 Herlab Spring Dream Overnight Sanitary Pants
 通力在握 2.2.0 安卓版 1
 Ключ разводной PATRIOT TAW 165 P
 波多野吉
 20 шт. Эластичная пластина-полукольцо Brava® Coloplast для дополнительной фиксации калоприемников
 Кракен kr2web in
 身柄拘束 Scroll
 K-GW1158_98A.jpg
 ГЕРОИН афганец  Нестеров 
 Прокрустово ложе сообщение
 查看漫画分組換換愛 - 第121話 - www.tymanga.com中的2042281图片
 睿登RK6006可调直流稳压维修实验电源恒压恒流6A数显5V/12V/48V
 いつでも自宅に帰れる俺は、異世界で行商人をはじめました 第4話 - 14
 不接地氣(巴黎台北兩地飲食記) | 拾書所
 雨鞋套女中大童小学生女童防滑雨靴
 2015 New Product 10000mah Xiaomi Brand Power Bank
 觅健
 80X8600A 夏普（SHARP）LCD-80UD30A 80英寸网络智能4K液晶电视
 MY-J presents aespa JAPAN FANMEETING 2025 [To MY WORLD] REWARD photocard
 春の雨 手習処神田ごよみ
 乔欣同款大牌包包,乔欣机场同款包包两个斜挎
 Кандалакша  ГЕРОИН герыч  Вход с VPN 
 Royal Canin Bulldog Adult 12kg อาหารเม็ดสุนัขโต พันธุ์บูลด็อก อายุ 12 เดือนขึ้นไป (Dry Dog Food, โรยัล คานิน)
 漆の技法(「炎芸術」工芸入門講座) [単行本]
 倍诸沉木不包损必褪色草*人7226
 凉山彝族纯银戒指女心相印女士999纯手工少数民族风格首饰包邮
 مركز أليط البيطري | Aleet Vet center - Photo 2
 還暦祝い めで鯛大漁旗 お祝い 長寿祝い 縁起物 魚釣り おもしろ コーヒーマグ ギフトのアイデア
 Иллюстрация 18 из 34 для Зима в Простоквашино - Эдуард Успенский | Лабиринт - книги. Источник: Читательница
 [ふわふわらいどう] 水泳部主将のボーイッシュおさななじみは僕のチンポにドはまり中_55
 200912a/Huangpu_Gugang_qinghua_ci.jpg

---

» Your objective: Scan the entries above and return each line that holds "ГЕРОИН".

» Answer:
 ГЕРОИН афганец  Нестеров 
 Кандалакша  ГЕРОИН герыч  Вход с VPN 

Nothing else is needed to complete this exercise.